Выбрать главу

– Куда-нибудь. Мы к цыганам пойдем, наверное.

– В общем, слушай. Пятьсот рублей. Нам с тобой их не поменяют. Можно

Генку просить. Рискованно. Точно сотни не досчитаемся. Больше некого. Я подумал, надо, значит, прихабариться. Купим зараз по старым деньгам, а потом продадим по новым. Может, в прибыли даже выйдем. Что ты думаешь?

Я же думал, что хорошо бы нам устроиться на корабль. Шли бы юнгами с моряками, говорят, в Египет уже идут.

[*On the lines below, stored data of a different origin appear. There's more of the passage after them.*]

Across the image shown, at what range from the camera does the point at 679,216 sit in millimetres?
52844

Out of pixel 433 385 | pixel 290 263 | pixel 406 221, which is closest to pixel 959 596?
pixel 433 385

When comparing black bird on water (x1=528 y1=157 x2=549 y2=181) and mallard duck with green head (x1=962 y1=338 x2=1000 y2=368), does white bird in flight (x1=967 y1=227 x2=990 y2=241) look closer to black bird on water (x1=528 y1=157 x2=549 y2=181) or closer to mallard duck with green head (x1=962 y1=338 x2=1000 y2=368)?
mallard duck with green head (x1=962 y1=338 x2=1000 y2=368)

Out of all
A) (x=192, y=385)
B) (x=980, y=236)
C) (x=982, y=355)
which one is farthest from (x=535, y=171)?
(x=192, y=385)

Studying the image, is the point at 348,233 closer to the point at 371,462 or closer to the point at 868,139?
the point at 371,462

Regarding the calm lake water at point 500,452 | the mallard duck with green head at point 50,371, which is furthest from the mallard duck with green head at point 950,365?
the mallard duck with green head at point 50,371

Но лукавая сила корысти привела нас тогда в заплеванный, доминошным стуком пробитый двор, где несбыточный боцман моей мечты нам продал по дешевке “лейку”. Толкучка работала по выходным, самому стоять было лень, а выпить хотелось сейчас и сразу, так что вот вам, чертяки, “лейка”, кому лейка, кому налей-ка, правильно я говорю, близнятки, это я правильно говорю.

1962

Поразительна все же разница: вот для вас эта жизнь – истории, цепь событий, причины, следствия. Для меня эта жизнь – как зеркальце, можно всю целиком рассматривать, и ничто в ней не отражается, лишь такая же пара глаз. Не хочу спать – хочу рассуждать! Так в таборе по ночам говорил кривой, как зовут – не вспомню, он же ставил в походах кузню и учил нас с братом курить табак.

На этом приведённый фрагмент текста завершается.